Sunday, February 20, 2011

Up, up and away!

It's so different reading Cullen now after we've read all the articles and had all those discussions on the 2nd Great Awakening. Even in places he never explicitly talks about the movement we can see sings of it and gain better understanding of other historical events now that we understand more about it. I know for me it was easier to understand how the home-town hero, rough and rugged Andrew Jackson was elected into office in 1824. He was in the public eye and in office right around the time the 2nd Great Awakening was getting under way with "common people" all over the country rising up to to things "common people" had never done before. To think about it in this sense is really quiet amazing. Today we think of America as a place where "anyone can make it" but before the 2nd Great Awakening this wasn't always true. It was the educated and the wealthy who were able to take charge of America and make a difference.

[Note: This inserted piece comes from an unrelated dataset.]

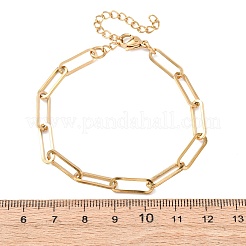304 Edelstahl-Büroklammer-Kettenarmbänder für Damen&nbsp;BJEW-G775-01G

Another point of Cullen's I was able to better understand from our previous discussions was upward mobility. We know from earlier that the 2nd Great Awakening really got underway because people were tired of the rigid and melancholic religious doctrines. I can't say I blame them. Not only is it difficult to listen to someone, such as the Puritans,say that no matter what you do your fate is set and you have no choice in religion. Not is it difficult to accept, its even more so when you realize it doesn't fit in with the young America's ideas of freedom, democracy and upward mobility. It's impossible to live in the paradox the two present and is perfectly clear why the 2nd Great Awakening took off when it did and how the faces of these movements changed from what America was used to in the past.

1 comment:

  1. Clara,
    Again, a well thought through and well stated response. I'm delighted that the readings are working together as you describe.
    Let me add one more bit: the shift from classical Calvinism to Arminian theology, esp. among Methodists and Baptists, provided a religious basis for these political changes.